Technical Overview & Strategic Context
When business metrics are defined separately in different BI tools, reports can display conflicting numbers. Data Fabric 2.0 addresses this by establishing a central semantic layer that stores metric calculations in code, exposing uniform definitions to all database engines.
Architectural Principle: Maintain metric and schema calculations inside source-controlled configuration files, not inside isolated dashboard scripts.

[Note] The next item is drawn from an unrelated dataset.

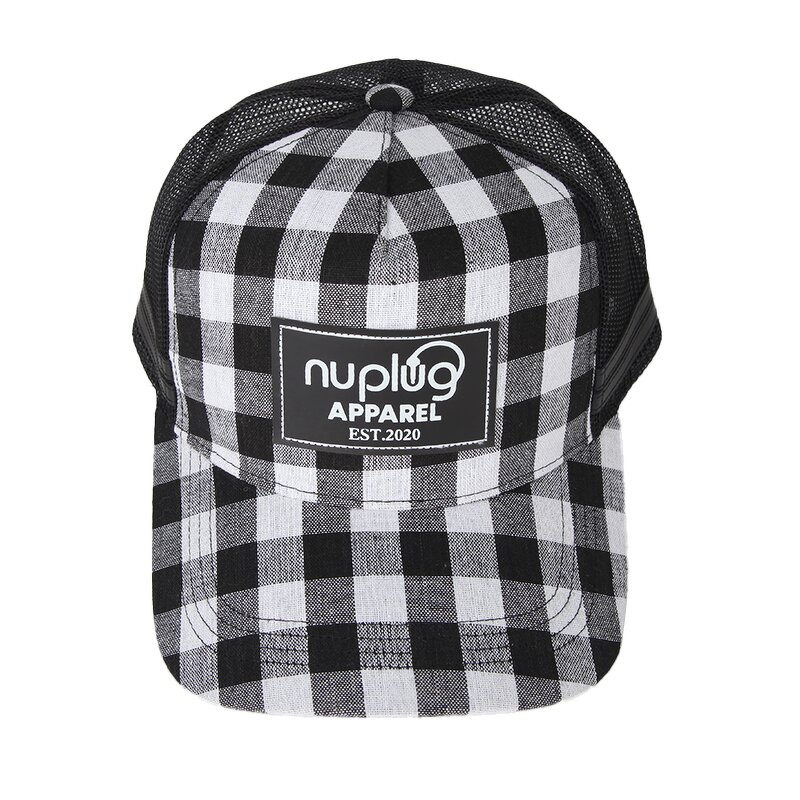 Golf Trucker Hat Factory - Manufacturers Personalized High Quality Custom 5 Panel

Core Concepts & Architectural Blueprint
Using tools like the dbt Semantic Layer, organizations write metrics definitions (like 'monthly active users' or 'net revenue') once. The semantic layer translates these configurations into SQL query parameters, ensuring consistency across dashboard tools.
Performance & Capability Comparison
| Metadata Layer | BI Tool Calculation Maps | Centralized Semantic Layer | Report Inconsistency Rate | |
|---|---|---|---|---|
| Metric Rules | Calculations defined in dashboard tools | Calculations defined in source-controlled yaml | High (metrics drift easily) | |
| Access Control | Rules configured per database instance | Centralized compliance and security rules | Zero metrics mismatch |
Implementation & Code Pattern
To write a metrics calculation definition in a dbt project, use this configuration template:
- ◆Write standard model schemas pointing to core database tables.
- ◆Configure metrics calculations in structured YAML configuration files.
- ◆Reference metric variables inside BI database connections.
# dbt semantic layer metric definition template (2025)
semantic_models:
- name: revenue_model
model: ref('fact_billing')
dimensions:
- name: payment_date
type: time
type_params:
time_granularity: day
measures:
- name: gross_amount
agg: sum
expr: transaction_amount
metrics:
- name: total_revenue
type: simple
type_params:
measure: gross_amountOperational Governance & Future Outlook
Centralizing business calculations inside a semantic layer ensures data consistency across reports, simplifies BI tool setup, and improves analytical accuracy.